AIHM Yüksek Daire’de bunu itiraz yolu kapalı şekilde teyit etti. Yani bu operasyonların keyfi olduğu çok net.

Gelelim başlıkta yer alan AIHM-mafya ilişkisine. Daha önce anlattığım gibi, ‘fetö borsası’ dedikleri yağma düzeni ülkenin her yerinde yaygın olarak uygulamada.

Eğer kendi gözleriyle görmek, teyit etmek isteyen varsa en yakın AKP-MHP teşkilatına gidip “benim bir dosyam var, nasıl yaparız?” diye sorsun. Onlar zaten ellerinde olan dosyalardan size mal varlığınızın yada ‘suçunuzun’ ekonomik değeri üzerinden ödemeniz gereken rakamı hemen söylerler.

‘Fetö Borsası’nda işler son günlerde çok hareketlendi.

Ülkenin her yerinde –bugüne kadar çökülmeyen, yağmalanmayan veya hala para koparılabilecek – cemaat soruşturması geçiren kişilerin kapısını çalıyorlar.

Yargı ve emniyet çevrelerinde şöyle bir psikoloji var; “AIHM kararı çok net. Buradan kaçış yok. Artık keyfi olarak istediğimiz kişinin malına mülküne çökemeyeceğiz. Hükümet henüz net bir karar vermeden toplayabildiklerimizi toplayalım”

Bırakın Ankara-İstanbul-İzmir gibi büyük şehirleri,  Anadolu’nun en ücra köşesinde bile ‘dosya toplayan’ çete mensupları var.

Mesela geçtiğimiz günlerde küçük bir İçanadolu şehrinde yaşanan olay. İsmi bende saklı işadamına Ankara’dan ‘misafir’ geldi.

Yargıtay’dan geldiğini söyleyen aracı lafı eğip bükmeden, “Sizin dosyanız önümüze geldi. Şirketinizin ekonomik büyüklüğünün yüzde 10’unu bize verirseniz dosyanızı kapatırız.” diyor.

Zaten hayatını kararttıkları iş adamı ‘piyasa kötü, o kadar para bulamam’ deyince bu rakam yarının da altına indiriliyor.

Bir an için o işadamı yerine kendinizi koyun.

Alın teriyle kurup büyüttüğünüz, katma değer ürettiğiniz fabrikanıza çöküyorlar. Haksız yere hapis yatırıyorlar. Ailenizi perişan ediyorlar.

Şirketlerinize kayyım atanmış.

Size bu zulmü yapanlar masum olduğunuzu biliyorlar.

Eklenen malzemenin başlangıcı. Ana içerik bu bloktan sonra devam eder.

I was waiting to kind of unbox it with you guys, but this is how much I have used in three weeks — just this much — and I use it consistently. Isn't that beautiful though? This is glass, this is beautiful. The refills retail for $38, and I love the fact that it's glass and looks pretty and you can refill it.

Ancak ‘son bir vurgun daha yapalım’ diye kapınıza gelip ‘şu kadar para verirseniz dosyanızı kapatırız’ diyorlar.

Normal şartlarda işadamı soluğu adliyede alırdı ancak savcılar da çetenin parçası olunca yapacak bir şey bulamıyor.

Bir başka şehir bir başka örnek.

Yine mağdur edilmiş bir işadamı. Hapis yatırılmış, şirketine kayyım atanmış ve hesapları dondurulmuş. Adliyeden davet ediliyor. Savcı çok rahat bir şekilde “senin ve arkadaşlarının dosyalarını kapatalım. Etrafta sizin gibi olan varsa gelsinler halledelim” diyor.

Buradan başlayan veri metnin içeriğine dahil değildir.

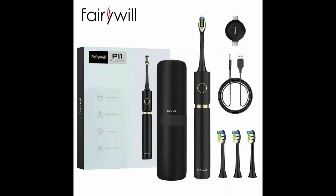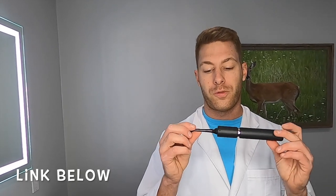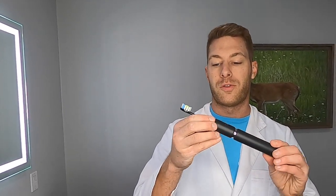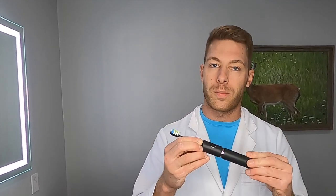This is their P11 toothbrush. It comes in black or white. You can get one for yourself for $49.99 on Amazon. It has a mildew-free design, meaning plaque and other foam or residue is very difficult to build up between the toothbrush and the replacement head. It has a 30-day battery life and can have a continuous runtime of two hours. It also has the American Dental Association stamp of safe and effective use.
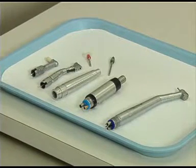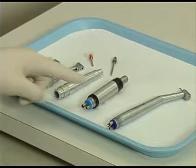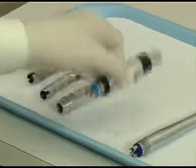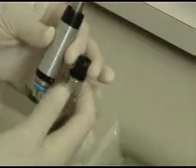To begin, identify the low-speed handpiece motor base and then attach it to the dental unit. Make sure that the receptors are aligned properly and make sure that they are screwed on tight.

Tabi ‘halletmenin’ bir de bedeli var.

Özetle tablo şöyle; AIHM kararı sonrası eskisi gibi keyfi tutuklamalar yapamayacaklarını gören rejim aparatları ‘son bir vurgun’ daha yapalım deyip sağa sola saldırıyorlar.

Bu noktada güncel bir gelişme üzerinden rejimin polis-savcı ve hakimlerine hatırlatalım. Cumhurbaşkanı Erdoğan yıllardır himaye ettiği, her türlü ekonomik imkanı sağladığı HAMAS yöneticilerini kapı dışarı etti.

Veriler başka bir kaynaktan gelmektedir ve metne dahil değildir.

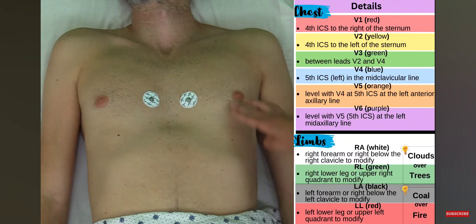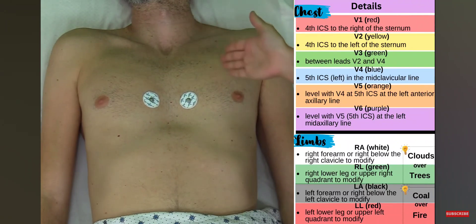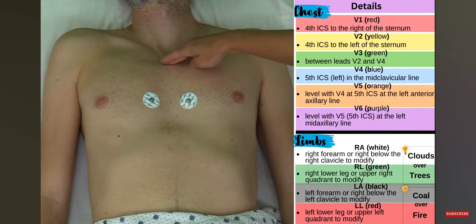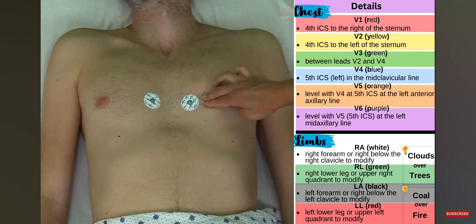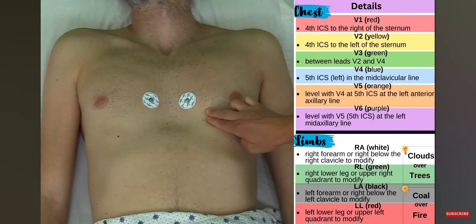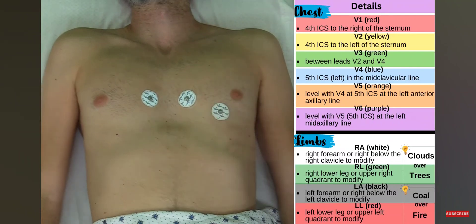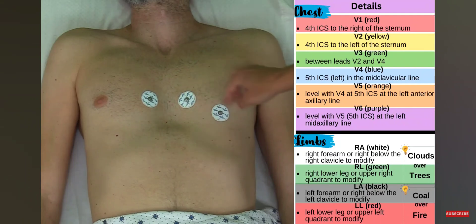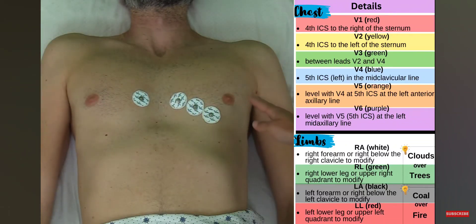Now I'm going to place V4, temporarily skipping V3 because V3 will go between V2 and V4. V4 is at the fifth intercostal space along the mid-clavicular line. Find your clavicle — the beginning and end of it — and cut it down the middle. I repeat the same steps to find the fifth intercostal space and go mid-clavicular, placing V4 right here. Now I place V3 at the midpoint between V2 and V4.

Daha önce de Müslüman Kardeşler için aynı şeyi yapmıştı. Dikkat edin bu iki örgüt ile Erdoğan’ın ideolojik birlikteliği var.

Mavi Marmara gemisinin tirajik hikayesi ortada.

Erdoğan buna rağmen sıkıştığı anda ‘dostları’nı gözünü kırpmadan sattı.

O yüzden, nasıl olsa ‘Reis arkamızda’ diyerek her türlü suçu pervasızca işleyen bürokratlara hatırlatalım;

Erdoğan yarın bir gün “Bu suçları işlerken bana mı sordunuz? Siz ne biçim hukukçusunuz?” der, elini yıkayıp çıkar, tüm suç size kalır.

Yani; güvenlik ve yargı bürokratları Erdoğan rejiminin tüm günahlarını yüklenmek istemiyorlarsa hukuktan ayrılmasınlar.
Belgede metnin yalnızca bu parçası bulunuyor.